Right at the outset, you know that it could possibly go badly, so you are tentative and walking on eggshells – just waiting for the other shoe to drop. It could be them asking for money yet again, even though they owe you from the last time and the time before. And although you promised yourself (and maybe others) that you wouldn’t give in and do it again, you are just too good natured.
Or you don’t want to “make waves”.
Maybe it isn’t a money thing. Maybe it is just the fact that you were hoping for a nice quiet evening and now it is hours (or days) later and you are still “entertaining” those who you never really wanted there in the first place. Or, you may remember the last time that you caught them snooping through your private papers and didn’t think it was a big deal because “you probably didn’t have anything to hide anyway”.
It could have been something completely different from all of that. Maybe you recall the time that they destroyed your collection of vintage GI Joes but didn’t admit that they were actually destroyed. Either way, you sit and wonder if your guest will happen to find the collection of old baseball cards and start defacing them “just like we used to do in college”.

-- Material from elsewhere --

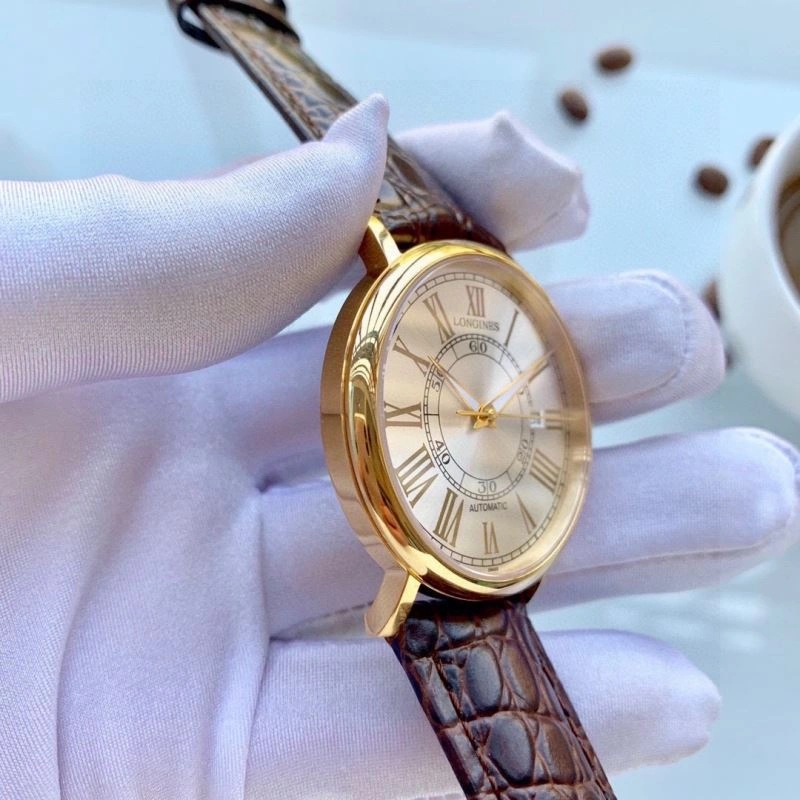 Flexible LONGINES Watches 188319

At some point, you start to realize that your view of your (former) friend or current guest is even worse than what you originally thought. And then you may wonder if it is also you – why are you putting yourself in that position? Can you do anything to get your guest to leave? Can you cut off ties and possibly repair your relationships with others who refuse to associate with you when your “guest” comes around? Or has your guest poisoned your relationships and tainted their views of anyone who still associates themselves with your guest?
Inevitably, it is not the guest who changes or suddenly sees the abhorrent, crude and insensitive behavior that turns so many people off. Certainly, if the guest is used to being the rude obnoxious loud mouth bully. It has to be the host – the one who constantly is accommodating that must realize that either his/her behavior and just as importantly, hopes and expectations have to change.
For everyone’s sake – otherwise it could get very lonely and frustrating.